■ Listed entries:
※
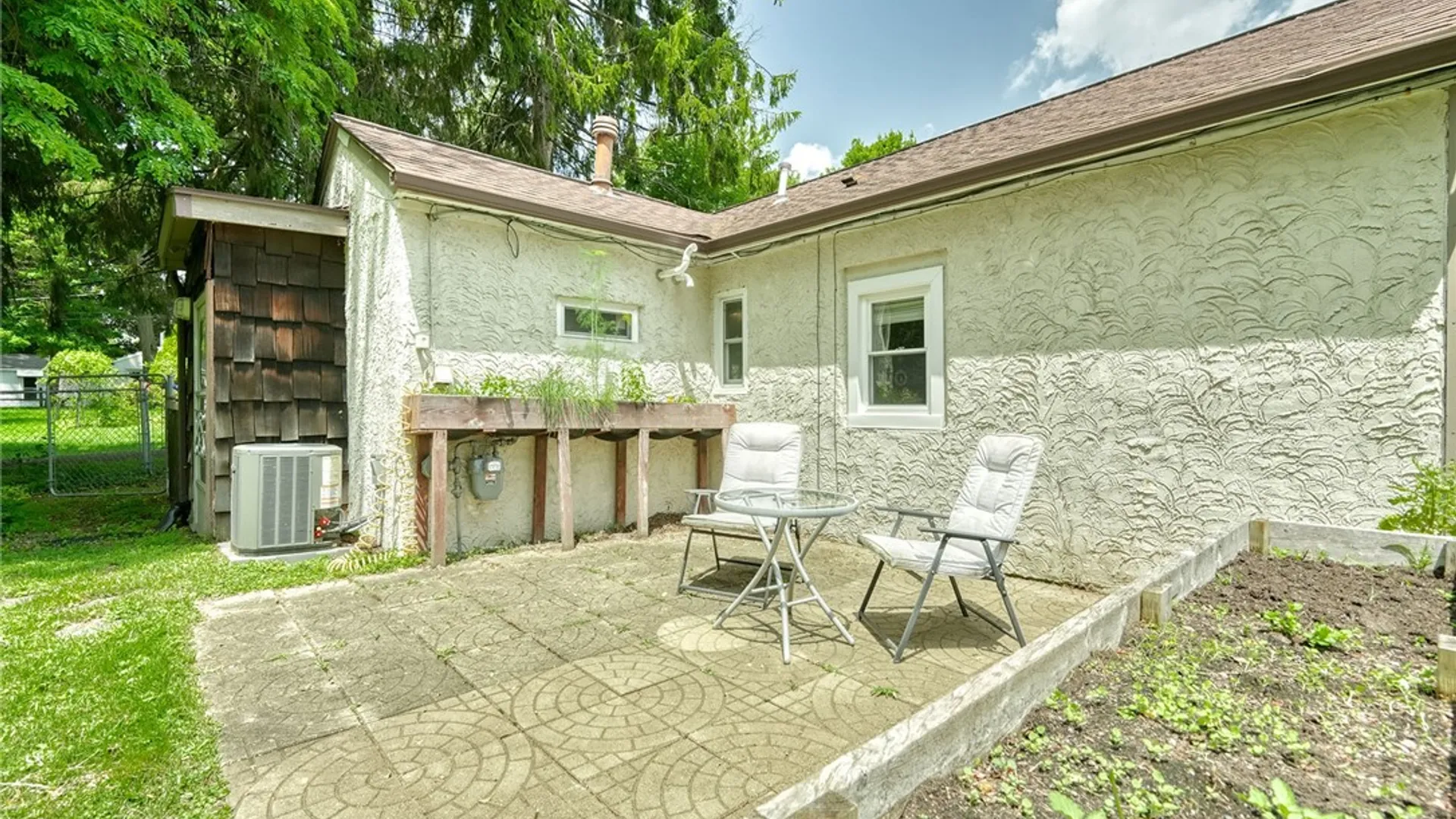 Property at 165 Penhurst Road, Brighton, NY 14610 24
※
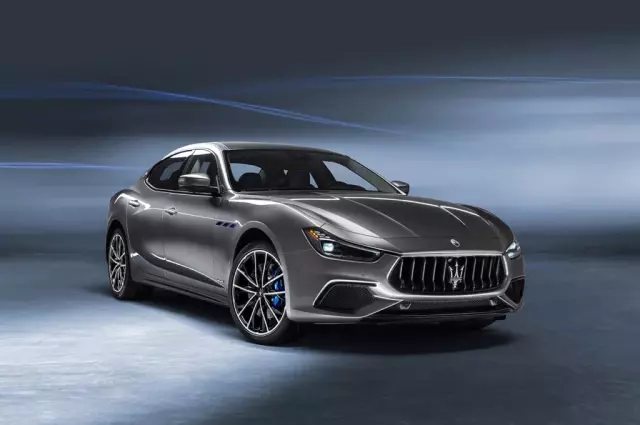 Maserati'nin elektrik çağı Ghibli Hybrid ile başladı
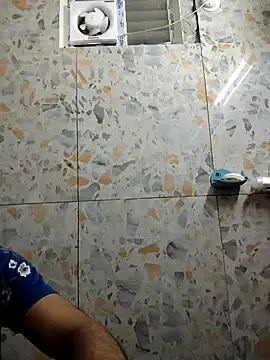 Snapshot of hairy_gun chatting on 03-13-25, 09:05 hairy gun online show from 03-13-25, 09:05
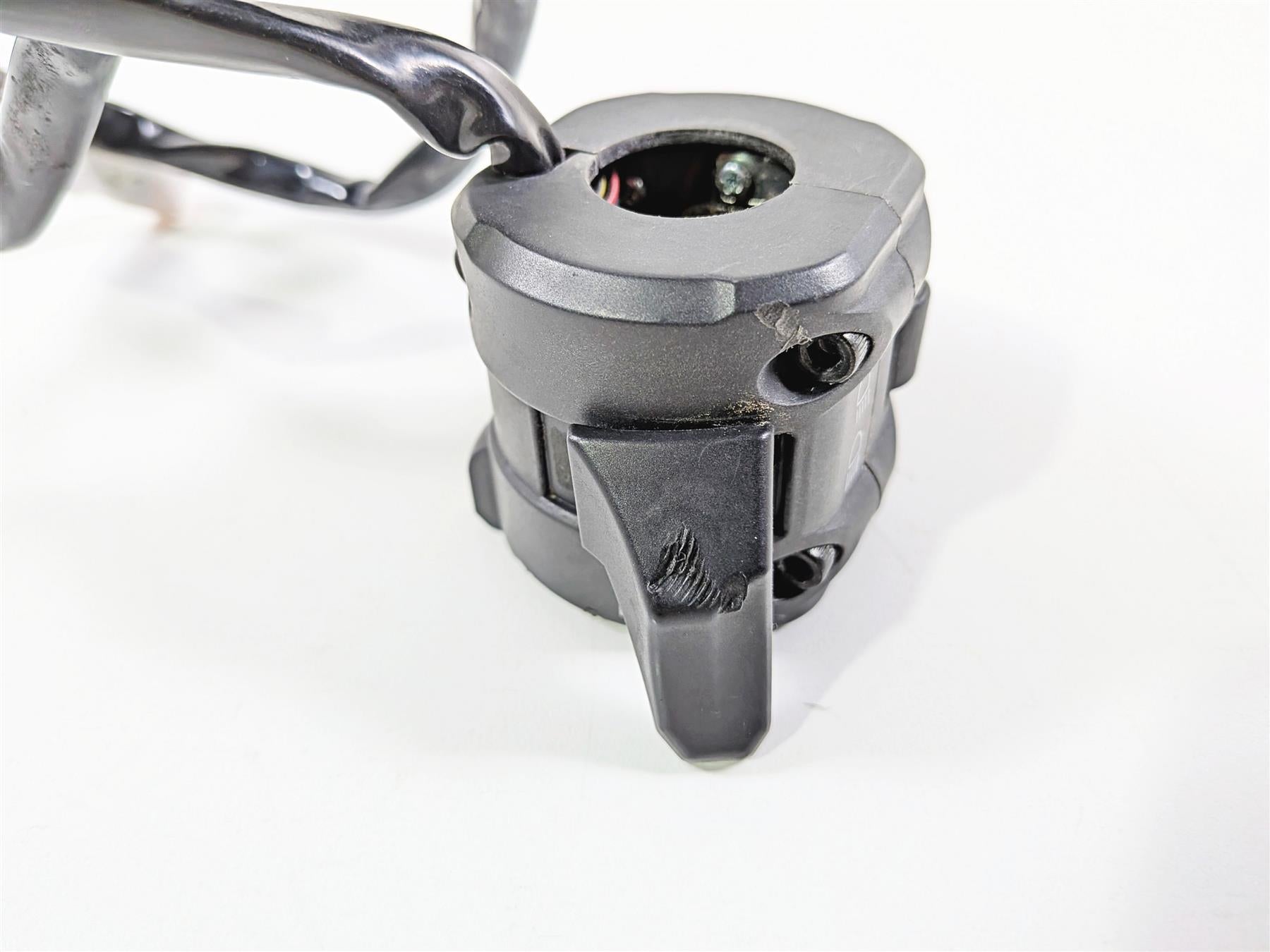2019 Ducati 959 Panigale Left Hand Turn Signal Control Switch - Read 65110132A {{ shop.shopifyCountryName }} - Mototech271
※
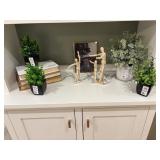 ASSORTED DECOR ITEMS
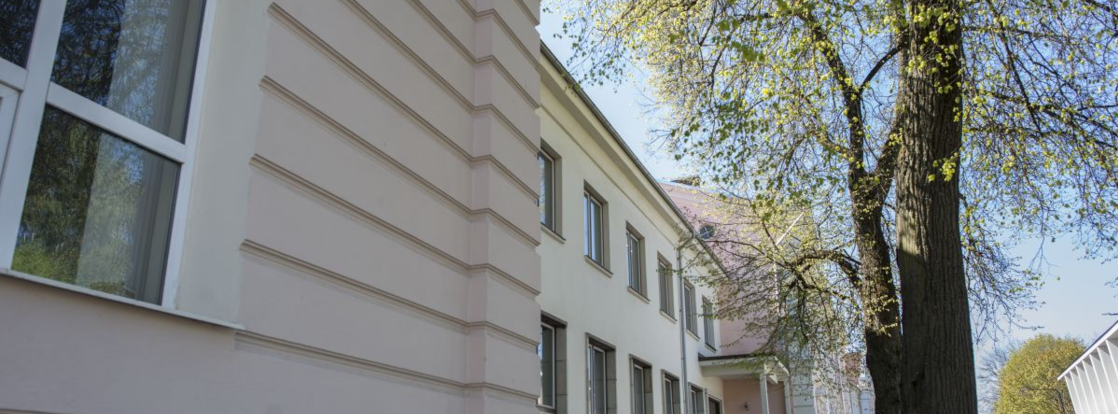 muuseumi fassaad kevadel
※
■ How to complete this task: All pictures are to be skipped. Output, word for word, the lines in the data above starting at the line containing "Snapshot of hairy_gun" and ending at the line containing "2019 Ducati 959".

■ Output below:
 Snapshot of hairy_gun chatting on 03-13-25, 09:05 hairy gun online show from 03-13-25, 09:05
2019 Ducati 959 Panigale Left Hand Turn Signal Control Switch - Read 65110132A {{ shop.shopifyCountryName }} - Mototech271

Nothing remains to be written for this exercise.